We hadn’t wasted time over those first few years of planning when we didn’t have a home. Meetings were held upstairs at Morrie Dunwoodie’s office, and then Tourism Coromandel offered us the use of their meeting room which continued until the stairs became too difficult for one of the committee. Tourism Coromandel also paid for the design of our logo, and various posters and invitations, and Jim Archibald gave good advice – including the idea of forming a Club of 64 to help with our fund-raising. The Thames Museum then kindly let us use one of their rooms.

Forming a charitable trust meant we had to think about why we were doing this, what we hoped to achieve, and how we would achieve it.

The aims of the Trust as set out in our trust deed are:

  • To plan, promote, secure funding and manage the establishment of a heritage and archival repository, and to oversee its ongoing functions.
  • To encourage the collection and preservation of all historical material from the Thames, Coromandel, Hauraki, Mercury Bay and Ohinemuri areas.
  • To promote the historical significance of these areas.
  • To provide a facility which will encourage people to visit these areas to research their family history.
  • To increase the store of local knowledge.
  • To provide educational and advisory assistance and programmes to individuals and groups.

From the project’s inception we set ourselves high standards. While we had been waiting for a ‘home’, we had worked on policies. These have only needed to be tweaked to fit them into their new home. They included policies on Ethics, Treaty of Waitangi, Governance, Management, Health and Safety, and Collection policies including Accessions, Storage and De-Accessions amongst others. We felt strongly that if people were handing in their treasures they needed to know that they would be very safe and looked after correctly. I also completed Te Papa’s Standards for Small Museums, a long but very worthwhile course looking at the care of the collection, care of the volunteers and care of the visitors. I am currently working on adapting this to use as a checklist to assess whether The Treasury is maintaining its standards and to show where more work is needed.

Having a home made a huge difference to collecting records, and they started arriving from the day of our official opening and onwards to today, keeping us very busy. We very much enjoy working in this lovely old building of national and international importance, and we are pleased to have returned it nearly to the purpose for which Andrew Carnegie donated money in 1905. Having a home and items on the shelves also made it MUCH easier for fund raising because we had something to show people. Suddenly we weren’t being turned down any more.

It had always been one of our goals to provide a state-of-the-art temperature, light and dust-controlled archive (designed to national standards). The property next-door was secured, and Architectus (John Sinclair consultant architect) designed an archive to be attached to the Carnegie Library. John had a great vision for what he hoped would be an iconic building - not a reproduction of a heritage building, but a modern design respecting what he said was the unique architecture of the Grahamstown area.
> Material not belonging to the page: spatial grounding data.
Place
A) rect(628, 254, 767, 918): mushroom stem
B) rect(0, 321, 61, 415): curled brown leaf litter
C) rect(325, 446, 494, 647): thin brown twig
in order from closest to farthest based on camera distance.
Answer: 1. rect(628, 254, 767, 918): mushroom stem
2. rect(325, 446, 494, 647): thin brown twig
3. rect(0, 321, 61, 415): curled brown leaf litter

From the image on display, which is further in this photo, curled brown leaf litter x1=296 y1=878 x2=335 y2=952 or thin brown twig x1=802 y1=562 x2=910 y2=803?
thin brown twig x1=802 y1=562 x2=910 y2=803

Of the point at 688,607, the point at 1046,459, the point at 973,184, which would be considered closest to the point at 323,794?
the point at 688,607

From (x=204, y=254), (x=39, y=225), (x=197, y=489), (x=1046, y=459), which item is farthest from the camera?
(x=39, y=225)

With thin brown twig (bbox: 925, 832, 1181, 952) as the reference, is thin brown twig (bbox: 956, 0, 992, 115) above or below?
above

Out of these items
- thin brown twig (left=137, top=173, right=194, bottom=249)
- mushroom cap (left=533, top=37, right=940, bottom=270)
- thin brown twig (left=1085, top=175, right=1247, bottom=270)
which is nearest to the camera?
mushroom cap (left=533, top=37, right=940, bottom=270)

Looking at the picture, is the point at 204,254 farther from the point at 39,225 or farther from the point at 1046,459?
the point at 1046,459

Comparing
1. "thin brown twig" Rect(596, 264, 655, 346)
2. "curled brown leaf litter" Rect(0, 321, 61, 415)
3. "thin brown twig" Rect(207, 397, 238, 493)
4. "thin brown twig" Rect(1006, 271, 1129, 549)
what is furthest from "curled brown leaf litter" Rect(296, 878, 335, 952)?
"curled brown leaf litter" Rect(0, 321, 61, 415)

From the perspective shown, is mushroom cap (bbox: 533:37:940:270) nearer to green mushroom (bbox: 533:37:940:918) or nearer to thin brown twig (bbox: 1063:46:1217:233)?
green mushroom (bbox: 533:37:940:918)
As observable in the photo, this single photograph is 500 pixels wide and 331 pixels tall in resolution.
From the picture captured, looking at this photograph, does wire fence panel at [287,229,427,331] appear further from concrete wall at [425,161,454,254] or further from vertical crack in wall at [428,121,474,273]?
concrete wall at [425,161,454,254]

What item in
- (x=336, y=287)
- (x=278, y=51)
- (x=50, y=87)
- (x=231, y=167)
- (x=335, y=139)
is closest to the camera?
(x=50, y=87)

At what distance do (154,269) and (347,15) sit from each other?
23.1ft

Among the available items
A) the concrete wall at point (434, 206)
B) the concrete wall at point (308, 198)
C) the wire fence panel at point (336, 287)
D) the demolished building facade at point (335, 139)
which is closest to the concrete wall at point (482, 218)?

This in itself caused much discussion – a VERY modern building in the heritage end of Thames?? Our only brief to the architects was that the old Carnegie Library had to always stand out. We took their advice that the best way to do this was to build a very modern building beside it – and it works! This wasn’t without controversy in the community – a modern building at the heritage end of town!! There will always be people who don’t like modern architecture, but when I’ve shown people through the new addition I always explain the architect’s rationale. It mightn’t change their minds about modern architecture, but you can see the penny drop, and they agree with the principle behind the design. And on the plus side, we have had cars scream to a halt as they return from a holiday up the coast, and the driver has dashed in to ask the name of the architects.

Fund-raising continued with urgency. We raised a third of the total cost ourselves before we could apply to the funders. I had to time the funding applications. Some funders have one application a year, some three. Some let you know in a matter of weeks, some in three months. It required planning to get them all lined up so we knew we had all the funds in place at the right time. We reached our target, and the Trustees made the decision to go ahead. Special thanks must go to Trust Waikato, the Sir John Logan Campbell Trust, Lion Foundation, and the Whitney Chisholm Family Trust. And a huge thank you to Lotteries Environment and Heritage. Their funding application was a nightmare to put together because of their requirements for so many different records, but it was the one that gave us the confidence to say 'Yes, we will proceed.' Chairman and trustee, Morrie Dunwoodie, trustee and treasurer Gary Meek and Trust secretary Marilyn Dodds (planner) were absolutely crucial to this project. We were so lucky to have them on the team. In the meantime, the Treasury office could no longer be used because it was full of boxes of records waiting for an archive in which to put them.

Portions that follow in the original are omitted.